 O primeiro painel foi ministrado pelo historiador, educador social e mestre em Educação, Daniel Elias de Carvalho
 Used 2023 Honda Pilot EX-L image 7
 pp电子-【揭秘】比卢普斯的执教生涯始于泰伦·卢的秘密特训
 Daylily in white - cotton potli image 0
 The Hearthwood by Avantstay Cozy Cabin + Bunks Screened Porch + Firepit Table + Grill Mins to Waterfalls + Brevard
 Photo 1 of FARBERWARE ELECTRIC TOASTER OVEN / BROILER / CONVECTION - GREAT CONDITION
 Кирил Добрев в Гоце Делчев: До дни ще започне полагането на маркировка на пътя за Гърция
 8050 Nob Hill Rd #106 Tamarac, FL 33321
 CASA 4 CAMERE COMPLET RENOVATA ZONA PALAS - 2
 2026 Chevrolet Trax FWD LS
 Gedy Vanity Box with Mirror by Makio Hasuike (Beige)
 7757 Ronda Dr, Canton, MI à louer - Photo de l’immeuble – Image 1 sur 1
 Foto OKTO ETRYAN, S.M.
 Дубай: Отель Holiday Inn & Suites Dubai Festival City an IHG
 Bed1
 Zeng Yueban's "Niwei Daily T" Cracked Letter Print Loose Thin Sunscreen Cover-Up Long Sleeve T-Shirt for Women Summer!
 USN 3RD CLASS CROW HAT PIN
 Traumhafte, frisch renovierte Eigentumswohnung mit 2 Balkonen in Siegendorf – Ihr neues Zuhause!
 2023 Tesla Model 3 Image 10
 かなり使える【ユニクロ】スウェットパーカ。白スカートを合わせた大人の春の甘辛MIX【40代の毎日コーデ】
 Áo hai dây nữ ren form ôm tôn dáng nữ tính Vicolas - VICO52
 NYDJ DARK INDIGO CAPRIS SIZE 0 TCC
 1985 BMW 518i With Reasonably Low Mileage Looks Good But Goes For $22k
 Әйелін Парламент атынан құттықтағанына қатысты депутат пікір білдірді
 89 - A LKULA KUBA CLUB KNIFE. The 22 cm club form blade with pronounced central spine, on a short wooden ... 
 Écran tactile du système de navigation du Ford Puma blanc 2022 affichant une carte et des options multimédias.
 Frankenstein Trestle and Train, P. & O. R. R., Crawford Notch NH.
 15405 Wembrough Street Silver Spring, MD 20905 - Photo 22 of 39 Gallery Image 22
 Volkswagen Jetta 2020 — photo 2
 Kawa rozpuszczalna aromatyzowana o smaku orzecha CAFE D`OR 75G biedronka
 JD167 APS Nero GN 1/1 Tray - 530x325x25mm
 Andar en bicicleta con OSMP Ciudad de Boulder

=======

*Exercise directions:* Reproduce verbatim only this range: the first line of the material through the line that contains "Foto OKTO ETRYAN, S.M.", inclusive.

*Output:*
 O primeiro painel foi ministrado pelo historiador, educador social e mestre em Educação, Daniel Elias de Carvalho
 Used 2023 Honda Pilot EX-L image 7
 pp电子-【揭秘】比卢普斯的执教生涯始于泰伦·卢的秘密特训
 Daylily in white - cotton potli image 0
 The Hearthwood by Avantstay Cozy Cabin + Bunks Screened Porch + Firepit Table + Grill Mins to Waterfalls + Brevard
 Photo 1 of FARBERWARE ELECTRIC TOASTER OVEN / BROILER / CONVECTION - GREAT CONDITION
 Кирил Добрев в Гоце Делчев: До дни ще започне полагането на маркировка на пътя за Гърция
 8050 Nob Hill Rd #106 Tamarac, FL 33321
 CASA 4 CAMERE COMPLET RENOVATA ZONA PALAS - 2
 2026 Chevrolet Trax FWD LS
 Gedy Vanity Box with Mirror by Makio Hasuike (Beige)
 7757 Ronda Dr, Canton, MI à louer - Photo de l’immeuble – Image 1 sur 1
 Foto OKTO ETRYAN, S.M.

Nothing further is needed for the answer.